Malta Independent

PAC to summon former Enemalta chairman Alex Tranter to testify on Electrogas

- ALBERT GALEA

The Government has summoned former Enemalta chairman, Alex Tranter – who served as the chair of the state electricit­y provider between 2005 and 2010 – to testify about the National Audit Office’s investigat­ion into the awarding of the power station contract to Electrogas.

The summoning was made at the end of a Public Accounts Committee sitting which was fraught with bickering and arguing between Government and opposition MPs over Parliament­ary procedures.

The sitting began with PAC chairperso­n, Darren Carabott – who is a PN MP – noting that the Government had failed to provide a list of witnesses that it wished to summon about the Electrogas probe by the stipulated deadline, which was last week.

He said that he was therefore understand­ing that the Government had no further witnesses to summon, and that the committee’s investigat­ion would be suspended pending the testimony of one witness who had expressed that they wished to suspend their own testimony due to pending criminal investigat­ions against them.

Government MP Alex Muscat however said that the Government did have witnesses left to summon. When asked by Carabott as to why the Government appeared to be incapable of keeping to the stipulated deadline, Muscat had no answer. However Muscat simply said that because there was no agreement that the discussion on Electrogas was closed, then witnesses could continue to be summoned.

After much haranguing over the matter, an Opposition motion to declare the matter as suspended due to the Government failing to meet the stipulated deadline was shot down by the Government.

The Government has a four-tothree majority in the PAC.

That majority meant that the Government also shot down a motion by the Opposition in order for there to be two PAC sittings next week, and a request by the Opposition to add the NAO’s report on public spending during 2022 to the committee’s agenda.

Muscat ultimately said that they would be summoning Alex Tranter to testify in the next sitting concerning Electrogas in two weeks’ time.

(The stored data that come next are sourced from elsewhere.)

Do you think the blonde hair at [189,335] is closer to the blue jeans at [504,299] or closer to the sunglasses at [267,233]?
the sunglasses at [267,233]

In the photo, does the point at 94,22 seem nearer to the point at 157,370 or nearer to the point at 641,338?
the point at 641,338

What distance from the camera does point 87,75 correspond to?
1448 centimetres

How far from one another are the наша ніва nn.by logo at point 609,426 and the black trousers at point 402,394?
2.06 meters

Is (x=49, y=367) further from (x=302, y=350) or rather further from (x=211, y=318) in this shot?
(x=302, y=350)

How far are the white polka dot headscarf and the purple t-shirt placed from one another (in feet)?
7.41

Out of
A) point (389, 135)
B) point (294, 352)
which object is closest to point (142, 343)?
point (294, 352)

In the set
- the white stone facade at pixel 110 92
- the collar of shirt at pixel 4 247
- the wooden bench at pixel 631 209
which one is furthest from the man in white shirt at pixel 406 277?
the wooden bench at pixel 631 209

Tranter had served as Enemalta chairman between 2005 and 2010, when he had stepped down shortly after a private company he was a director of, Sunray Renewables, was acquired by the US renewables giant Sunpower Corporatio­n, in February 2010.

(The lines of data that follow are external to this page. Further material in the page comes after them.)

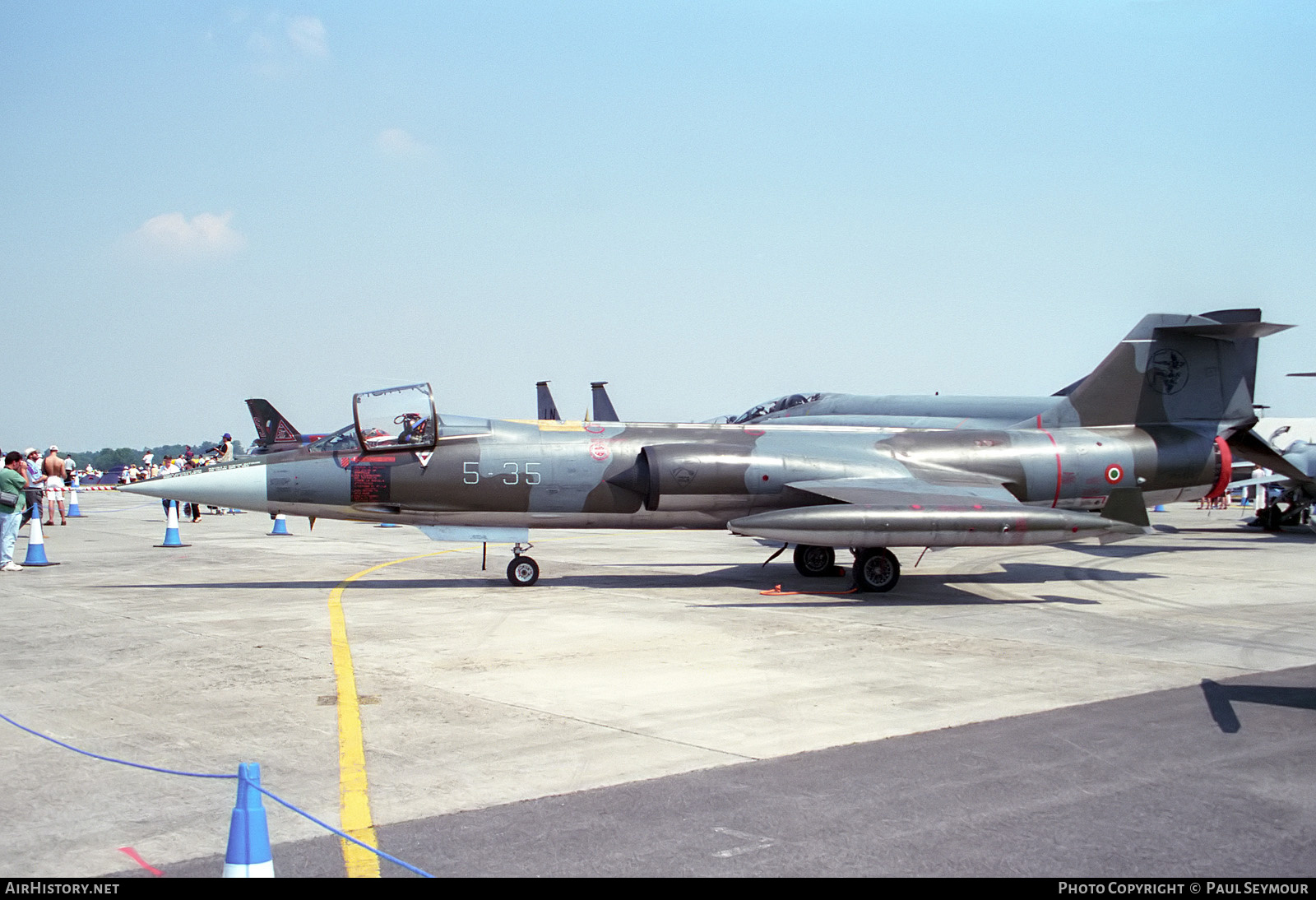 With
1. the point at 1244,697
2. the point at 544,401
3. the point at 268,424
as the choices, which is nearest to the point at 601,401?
the point at 544,401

He was chairman during the meetings for the procuremen­t of fuel for Enemalta’s heavy fuel oil power station, which became notorious as it emerged that minutes were never formally taken down.

He has already faced the PAC in the past : in September 2013 when he was summoned to testify about the heavy fuel oil plant.

A year later he was charged with misappropr­iation of funds and misuse of Enemalta’s credit card for personal expenses.

He was cleared of any alleged wrongdoing in 2019.